UCSF leaders are recommending a bold plan to establish state-of-the-art, technologically advanced patient care facilities at three major sites as part of a long-term vision to advance UCSF’s education, research and health care missions.
The plan will be reviewed at two upcoming community information meetings in San
Francisco: Monday, September 27, 7:00 PM at UCSF Mission Bay, Genentech Hall, 600 16th Street, and Wednesday, September 29, at 7:00 PM at UCSF Millberry Conference Center, 500 Parnassus Avenue.
Its recommendations call for a combination of new buildings, renovated facilities, and expanded facilities at the UCSF Mission Bay, Parnassus, and Mount Zion campuses. The project would be carried out in phases over the next 15 years. The key elements of the plan are:
* MISSION BAY—Development of integrated specialty hospitals, including UCSF Children’s Hospital, a UCSF Women’s Hospital and the first phase of a UCSF Cancer Hospital on the Mission Bay campus by 2013, together with outpatient facilities and new translational research facilities to speed the transfer of new medical knowledge to clinical practice. The number of beds in the first phase is expected to total about 210, with a possibility of expansion in later phases.
* PARNASSUS — Major investment in renovations to the 550-bed Moffitt/Long hospital buildings that constitute UCSF Medical Center at Parnassus Heights by 2013, followed by a new inpatient hospital pavilion with about 130 beds.
* MOUNT ZION—Expanded use of UCSF Mount Zion as an innovative campus for ambulatory care, outpatient surgery, and related clinical research and education.
The plan is designed to integrate superb patient care with the latest technology in a healing environment. “These new facilities will provide effective, safe, affordable and equitable care for San Franciscans and others throughout the West,” said Mark Laret, chief executive officer of UCSF Medical Center. “They will be designed to meet clinical research and medical education needs and will be flexible enough to accommodate changes in technology, medical practice and education as well as increasing patient numbers.”
The recommendations, which represent four years of planning, were developed by the Chancellor’s Advisory Committee on the Long Range Development Plan (LRDP) Amendment. The committee presented the recommendations to UCSF Chancellor J. Michael Bishop, who approved the plan for conveyance to the UC Board of Regents. Presentation to the Regents for consideration is expected in early 2005.
“I am grateful to the many members of the campus and local community who joined in the searching deliberations that gave rise to the recommendations,” Bishop said. “The plans have my strong support. They address the needs of our clinical enterprise in a thoughtful manner and lay the groundwork for a more effective integration of our clinical, teaching and research missions.”
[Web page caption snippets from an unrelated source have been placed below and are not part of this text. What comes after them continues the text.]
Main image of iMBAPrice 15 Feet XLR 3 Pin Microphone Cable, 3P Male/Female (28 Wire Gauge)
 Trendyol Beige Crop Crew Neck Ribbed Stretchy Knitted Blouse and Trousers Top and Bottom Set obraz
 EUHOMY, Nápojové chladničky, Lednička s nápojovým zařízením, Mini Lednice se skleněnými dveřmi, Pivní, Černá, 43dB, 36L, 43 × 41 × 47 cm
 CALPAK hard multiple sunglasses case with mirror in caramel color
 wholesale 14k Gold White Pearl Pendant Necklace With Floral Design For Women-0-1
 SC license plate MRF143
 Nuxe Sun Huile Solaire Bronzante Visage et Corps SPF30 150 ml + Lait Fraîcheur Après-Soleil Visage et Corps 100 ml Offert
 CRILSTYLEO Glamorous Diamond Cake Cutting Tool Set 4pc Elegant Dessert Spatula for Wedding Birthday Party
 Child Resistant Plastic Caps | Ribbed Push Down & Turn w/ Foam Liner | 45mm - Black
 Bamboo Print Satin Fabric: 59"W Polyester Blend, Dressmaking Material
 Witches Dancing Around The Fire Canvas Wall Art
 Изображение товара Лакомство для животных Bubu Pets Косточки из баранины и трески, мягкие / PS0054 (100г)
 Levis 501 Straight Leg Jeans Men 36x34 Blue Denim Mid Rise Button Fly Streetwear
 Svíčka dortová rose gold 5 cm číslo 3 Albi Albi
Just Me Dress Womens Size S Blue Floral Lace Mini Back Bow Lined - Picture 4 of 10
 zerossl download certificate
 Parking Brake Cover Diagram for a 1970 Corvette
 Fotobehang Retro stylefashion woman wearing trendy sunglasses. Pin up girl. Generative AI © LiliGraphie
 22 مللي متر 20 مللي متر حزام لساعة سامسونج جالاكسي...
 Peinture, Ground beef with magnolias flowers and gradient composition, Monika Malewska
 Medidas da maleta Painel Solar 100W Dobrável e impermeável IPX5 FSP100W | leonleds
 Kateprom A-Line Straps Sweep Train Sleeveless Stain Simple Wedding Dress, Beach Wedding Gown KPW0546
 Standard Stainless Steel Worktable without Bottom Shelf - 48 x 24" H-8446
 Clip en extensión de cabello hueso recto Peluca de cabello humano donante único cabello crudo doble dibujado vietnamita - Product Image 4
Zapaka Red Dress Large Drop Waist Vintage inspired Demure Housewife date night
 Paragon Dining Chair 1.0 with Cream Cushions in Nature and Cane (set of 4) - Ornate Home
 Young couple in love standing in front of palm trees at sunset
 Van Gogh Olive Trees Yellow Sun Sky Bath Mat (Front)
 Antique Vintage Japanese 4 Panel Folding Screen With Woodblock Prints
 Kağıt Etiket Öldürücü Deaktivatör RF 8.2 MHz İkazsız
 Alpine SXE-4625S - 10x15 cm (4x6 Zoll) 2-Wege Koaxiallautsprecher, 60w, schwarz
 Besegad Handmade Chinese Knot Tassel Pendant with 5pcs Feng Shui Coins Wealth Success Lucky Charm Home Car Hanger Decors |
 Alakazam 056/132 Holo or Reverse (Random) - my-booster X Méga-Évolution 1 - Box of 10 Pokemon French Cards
While the impetus for the committee was to address UCSF clinical facilities in light of state seismic laws—which aim to protect hospitalized patients from harm in an earthquake—the planning process encompassed how UCSF could advance clinical, research and educational missions across all campus sites.
Craig Van Dyke, MD, chair of the Department of Psychiatry, served as chair of the LRDP Committee, and Bruce Spaulding, vice chancellor for University Advancement and Planning, served as committee vice chair. CEO Laret and David Kessler, MD, dean of the UCSF School of Medicine and vice chancellor for medical affairs, led the planning process, in which five campus locations for hospital replacement were evaluated using detailed screening criteria. With input from the Academic Senate, faculty, staff, students, consultants, members of the public and the UCSF Community Advisory Group, a long-term vision for UCSF’s clinical and research programs emerged.
In announcing the recommendations, the UCSF leadership group emphasized that this is the beginning of a process that will involve work groups to do the detailed planning for individual campuses and programs. It will include development of business plans, development of a master site plan for either the current Mission Bay campus or on newly acquired land, and review of plans in accordance with the California Environmental Quality Act, as well as approval by the UC Regents. The plans are subject to further refinement as a result of these processes.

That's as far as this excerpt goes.